(Caption-style text data)

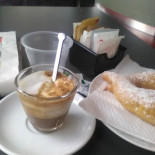 Diamante food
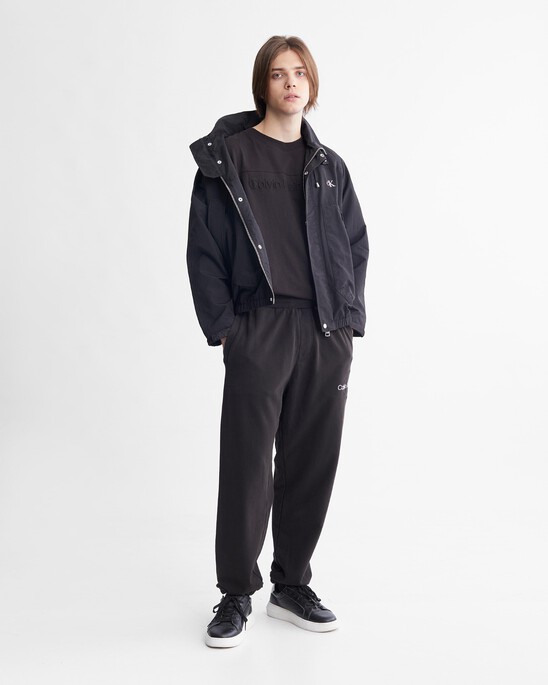 Mineral Dye Relaxed Sweatpants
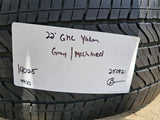 22" GMC Yukon Sierra DENALI OEM wheels rims 14025 97000 tires Texas Truck Tire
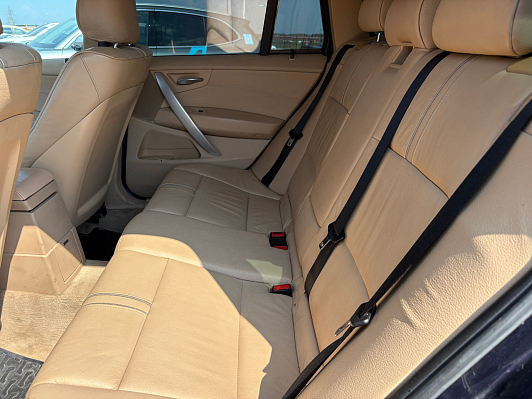 BMW X3, 2007 года, пробег 180000 км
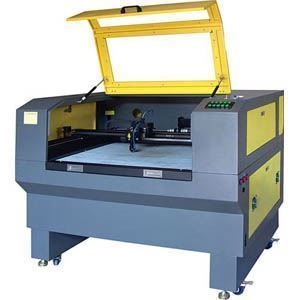 *Ayk-120x80 Ccd Kamera Etiket Kesme Lazer Makinası  - 0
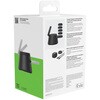 WIZ052DQBK UltraCharge Qi2 25W 3-in-1 モジュール式充電ドック ブラック BELKIN(ベルキン) 73662368
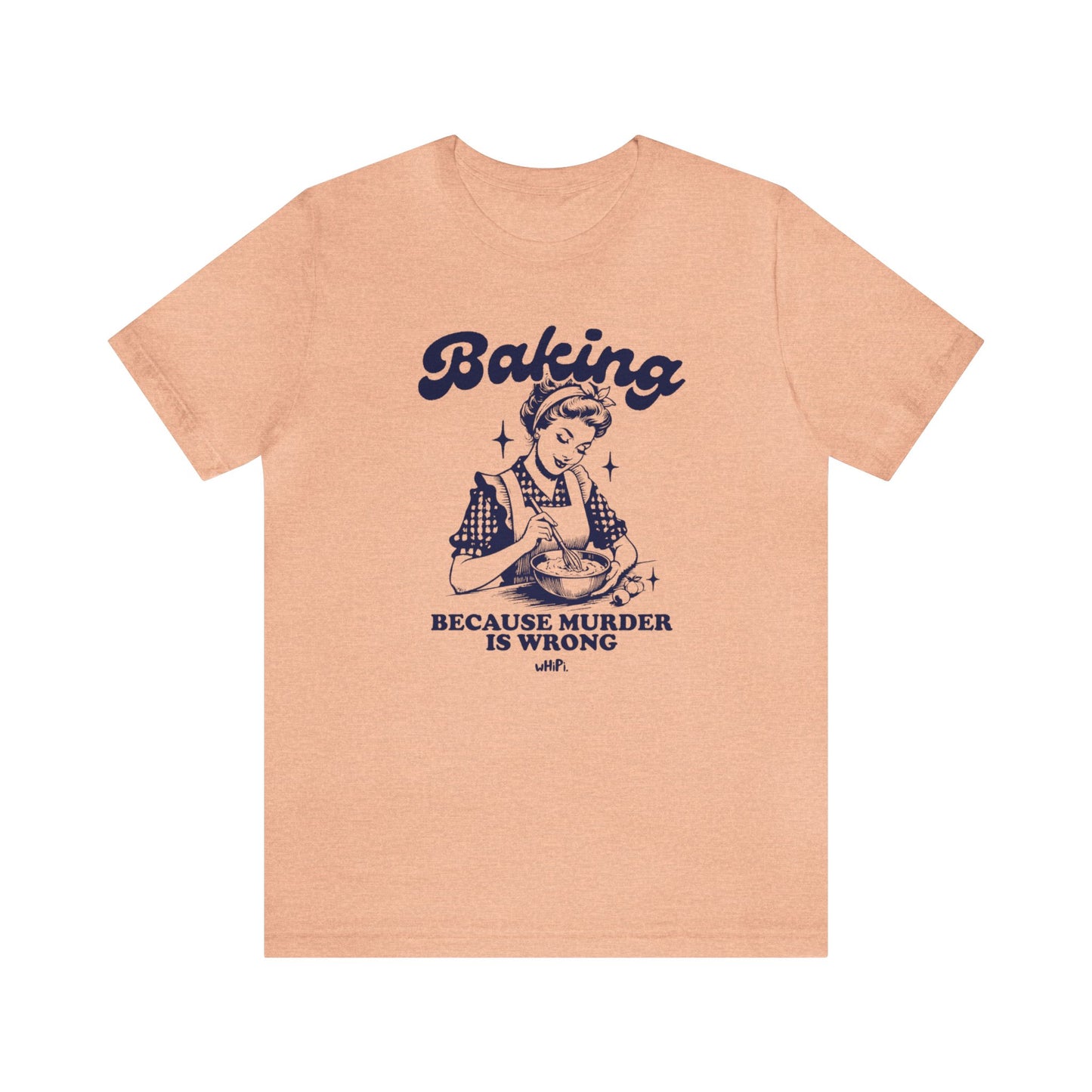 Baking Tee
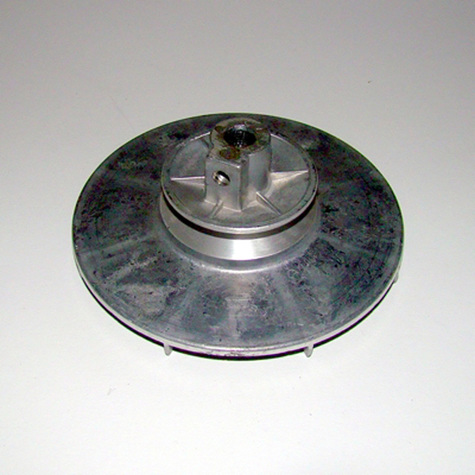 Photo 1 of Haier WD-5450-19 PULLEYRADIATING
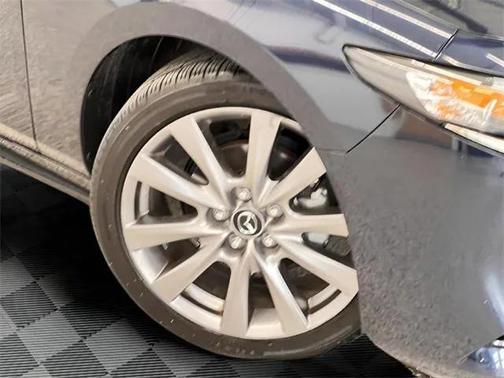 2024 Mazda Mazda3 FWD w/Preferred Package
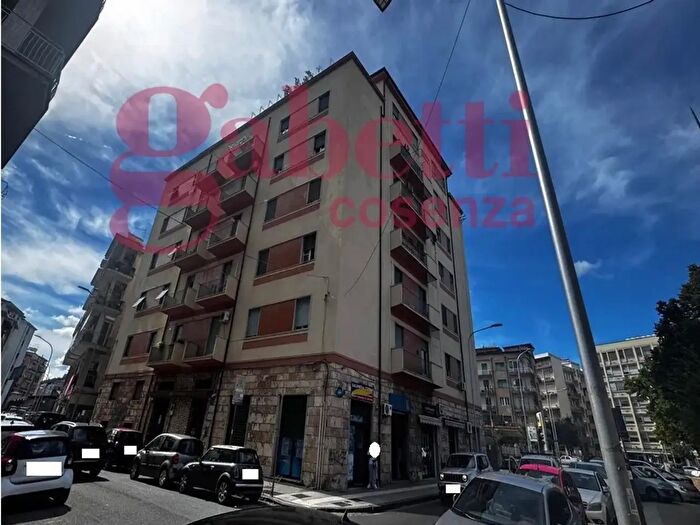 Appartamento monolocale in affitto in Cosenza Via Salvemini, Cosenza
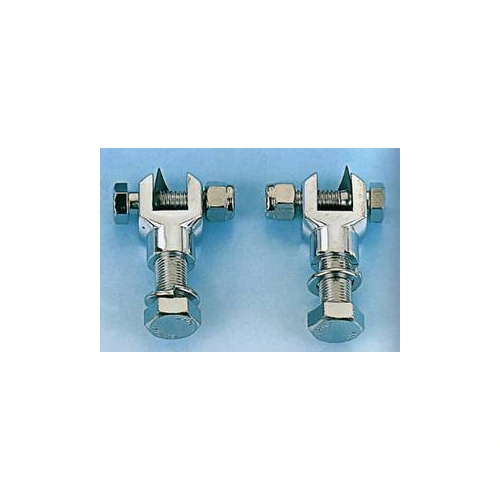 Zodiac Footpeg Clevis Set
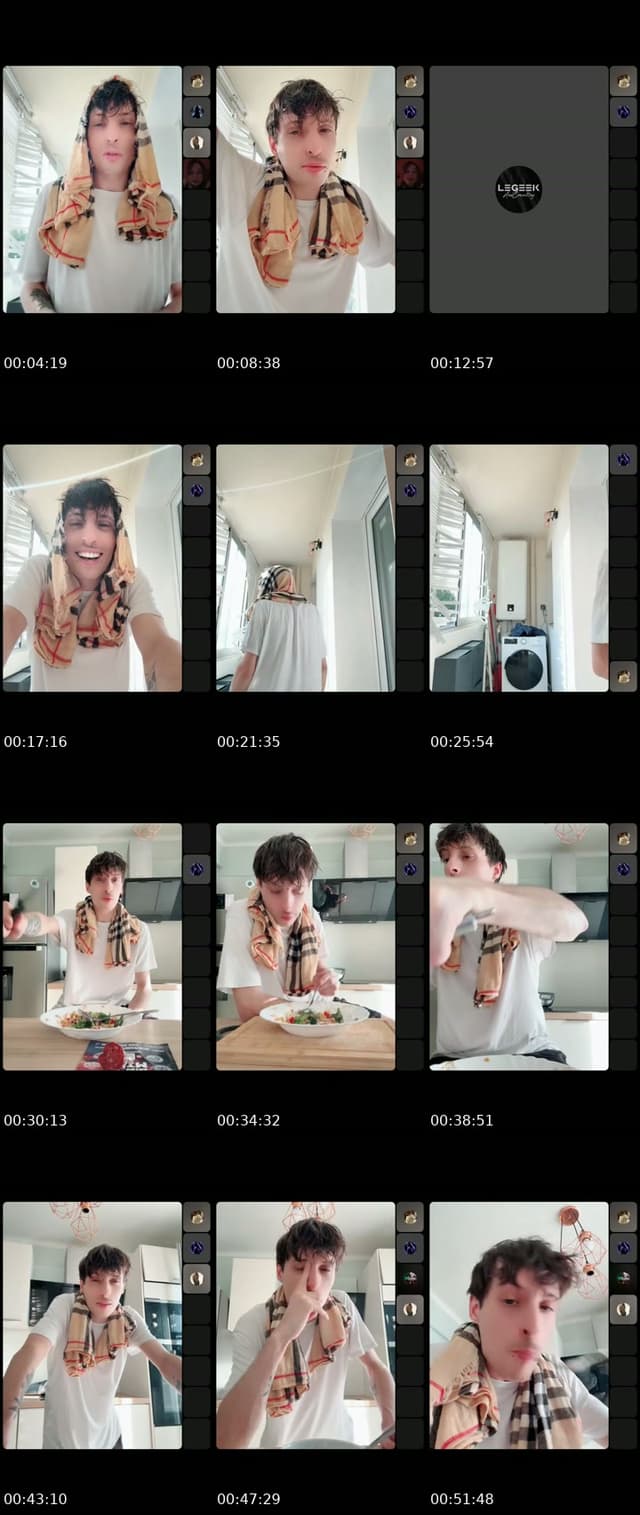 TikTok live: ✌️🤓✌️ by @legeekandconsulting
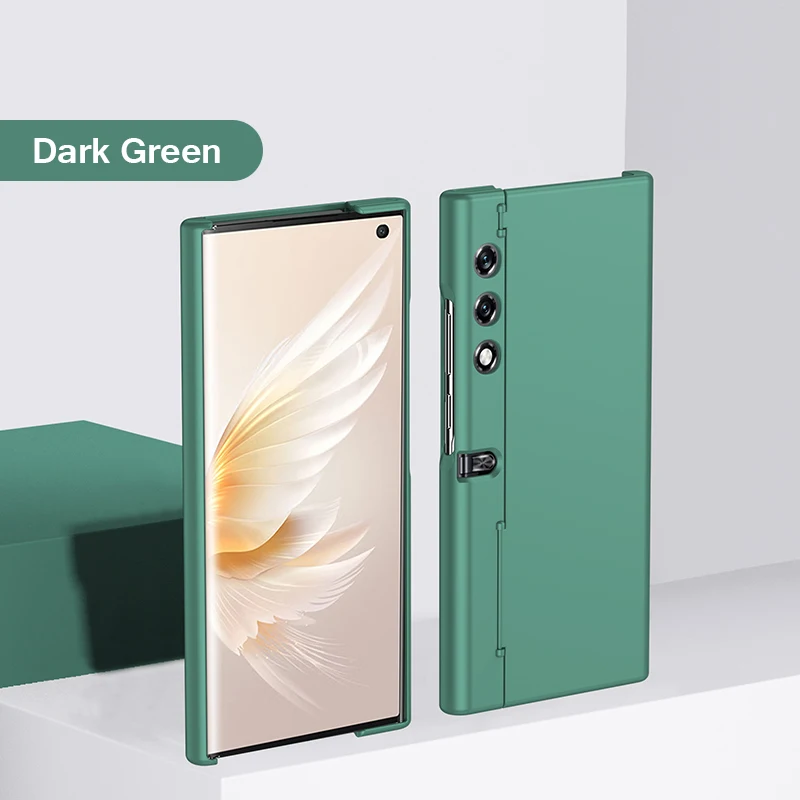 Candy Color Skin Friendly Matte Case - Slim Hard PC Shockproof Bumper Back Cover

**BRIEF**
What should appear is an exact copy of the lines from the one containing "WIZ052DQBK UltraCharge Qi2" through the last line of the records above, pictures excluded.

**EXPECTED OUTPUT**
 WIZ052DQBK UltraCharge Qi2 25W 3-in-1 モジュール式充電ドック ブラック BELKIN(ベルキン) 73662368
 Baking Tee
 Photo 1 of Haier WD-5450-19 PULLEYRADIATING
 2024 Mazda Mazda3 FWD w/Preferred Package
 Appartamento monolocale in affitto in Cosenza Via Salvemini, Cosenza
 Zodiac Footpeg Clevis Set
 TikTok live: ✌️🤓✌️ by @legeekandconsulting
 Candy Color Skin Friendly Matte Case - Slim Hard PC Shockproof Bumper Back Cover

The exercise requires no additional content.